### AIM OF THE EXERCISE
A single figure is required: the number of lines below that contain "Color".

### Crawled caption data
--- --- ---

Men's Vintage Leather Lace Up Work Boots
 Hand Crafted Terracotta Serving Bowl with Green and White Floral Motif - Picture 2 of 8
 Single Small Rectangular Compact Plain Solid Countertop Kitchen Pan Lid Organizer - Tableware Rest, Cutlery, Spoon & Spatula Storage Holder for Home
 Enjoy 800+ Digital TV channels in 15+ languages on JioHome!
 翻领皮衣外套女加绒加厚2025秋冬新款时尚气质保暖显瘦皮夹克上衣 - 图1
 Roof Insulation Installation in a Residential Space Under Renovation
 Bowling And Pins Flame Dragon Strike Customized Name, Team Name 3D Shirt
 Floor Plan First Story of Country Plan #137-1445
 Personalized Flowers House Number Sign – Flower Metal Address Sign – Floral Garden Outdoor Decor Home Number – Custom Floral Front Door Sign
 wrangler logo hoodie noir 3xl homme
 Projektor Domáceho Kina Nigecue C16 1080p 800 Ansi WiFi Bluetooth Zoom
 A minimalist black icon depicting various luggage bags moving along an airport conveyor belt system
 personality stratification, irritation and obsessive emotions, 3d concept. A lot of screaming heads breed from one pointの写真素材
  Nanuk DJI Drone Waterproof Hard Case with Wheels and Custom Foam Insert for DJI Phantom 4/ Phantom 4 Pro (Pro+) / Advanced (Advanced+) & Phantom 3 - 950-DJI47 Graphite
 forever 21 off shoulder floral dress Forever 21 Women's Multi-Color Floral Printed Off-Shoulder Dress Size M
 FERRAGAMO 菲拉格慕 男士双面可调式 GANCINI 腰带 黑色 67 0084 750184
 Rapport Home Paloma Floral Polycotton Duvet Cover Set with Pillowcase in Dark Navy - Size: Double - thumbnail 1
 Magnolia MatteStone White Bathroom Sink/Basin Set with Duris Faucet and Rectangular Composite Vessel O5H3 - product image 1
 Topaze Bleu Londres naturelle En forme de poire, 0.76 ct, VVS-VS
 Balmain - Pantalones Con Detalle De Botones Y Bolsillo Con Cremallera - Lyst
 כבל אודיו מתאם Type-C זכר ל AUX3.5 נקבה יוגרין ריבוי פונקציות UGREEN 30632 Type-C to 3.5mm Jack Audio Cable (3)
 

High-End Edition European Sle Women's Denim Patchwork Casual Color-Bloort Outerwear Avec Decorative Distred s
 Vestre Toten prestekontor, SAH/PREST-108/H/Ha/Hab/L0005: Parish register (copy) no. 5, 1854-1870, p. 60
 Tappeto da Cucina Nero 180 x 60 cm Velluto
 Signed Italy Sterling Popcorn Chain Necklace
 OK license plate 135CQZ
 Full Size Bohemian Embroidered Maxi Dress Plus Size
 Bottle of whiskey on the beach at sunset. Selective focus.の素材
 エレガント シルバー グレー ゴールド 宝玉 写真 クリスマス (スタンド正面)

--- --- ---

### TASK RESPONSE
2